What to produce: Looking at the records below, say how many lines include "with", and add nothing else.

[Stored items from a collection]
• • •
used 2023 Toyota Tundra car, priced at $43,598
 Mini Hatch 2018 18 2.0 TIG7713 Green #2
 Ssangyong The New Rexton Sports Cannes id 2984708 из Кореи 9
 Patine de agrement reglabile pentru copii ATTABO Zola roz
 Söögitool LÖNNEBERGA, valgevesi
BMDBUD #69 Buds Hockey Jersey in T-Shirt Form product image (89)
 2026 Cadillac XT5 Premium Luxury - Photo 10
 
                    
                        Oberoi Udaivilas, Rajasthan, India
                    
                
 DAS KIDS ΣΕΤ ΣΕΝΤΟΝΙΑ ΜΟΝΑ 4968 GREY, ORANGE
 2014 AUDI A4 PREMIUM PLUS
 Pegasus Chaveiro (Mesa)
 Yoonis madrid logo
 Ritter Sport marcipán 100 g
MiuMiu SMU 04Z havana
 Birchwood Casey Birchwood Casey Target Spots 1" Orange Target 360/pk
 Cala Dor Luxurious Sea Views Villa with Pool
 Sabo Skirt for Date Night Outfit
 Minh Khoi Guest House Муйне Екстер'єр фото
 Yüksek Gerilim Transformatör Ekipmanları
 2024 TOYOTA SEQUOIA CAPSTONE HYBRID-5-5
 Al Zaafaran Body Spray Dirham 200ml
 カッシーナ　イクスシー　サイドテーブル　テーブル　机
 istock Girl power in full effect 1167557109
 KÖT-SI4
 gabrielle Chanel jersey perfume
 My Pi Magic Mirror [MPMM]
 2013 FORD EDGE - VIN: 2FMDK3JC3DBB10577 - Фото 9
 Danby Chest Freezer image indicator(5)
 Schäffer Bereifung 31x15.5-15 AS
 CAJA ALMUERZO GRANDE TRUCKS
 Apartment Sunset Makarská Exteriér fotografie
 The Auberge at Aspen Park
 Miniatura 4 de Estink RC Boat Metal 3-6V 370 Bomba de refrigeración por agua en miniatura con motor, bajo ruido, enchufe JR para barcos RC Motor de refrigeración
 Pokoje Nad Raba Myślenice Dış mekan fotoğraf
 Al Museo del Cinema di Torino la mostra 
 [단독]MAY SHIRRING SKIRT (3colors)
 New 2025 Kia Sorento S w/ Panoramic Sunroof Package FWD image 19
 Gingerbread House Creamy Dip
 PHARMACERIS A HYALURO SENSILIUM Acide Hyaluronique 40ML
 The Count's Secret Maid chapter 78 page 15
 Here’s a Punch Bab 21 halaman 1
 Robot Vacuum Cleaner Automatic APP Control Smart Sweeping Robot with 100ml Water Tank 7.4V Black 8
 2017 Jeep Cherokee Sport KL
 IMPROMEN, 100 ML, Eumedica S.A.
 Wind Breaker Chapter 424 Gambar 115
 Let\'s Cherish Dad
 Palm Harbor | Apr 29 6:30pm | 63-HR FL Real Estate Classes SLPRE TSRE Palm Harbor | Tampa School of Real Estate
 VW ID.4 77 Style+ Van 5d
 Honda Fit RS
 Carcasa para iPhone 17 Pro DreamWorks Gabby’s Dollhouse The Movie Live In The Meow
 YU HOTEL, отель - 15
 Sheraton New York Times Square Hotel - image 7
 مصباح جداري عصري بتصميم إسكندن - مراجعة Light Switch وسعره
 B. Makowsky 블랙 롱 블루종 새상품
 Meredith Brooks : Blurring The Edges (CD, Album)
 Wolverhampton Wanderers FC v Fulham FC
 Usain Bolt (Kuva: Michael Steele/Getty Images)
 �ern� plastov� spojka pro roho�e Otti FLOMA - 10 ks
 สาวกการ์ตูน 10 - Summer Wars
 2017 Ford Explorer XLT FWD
• • •
Response for this exercise: 2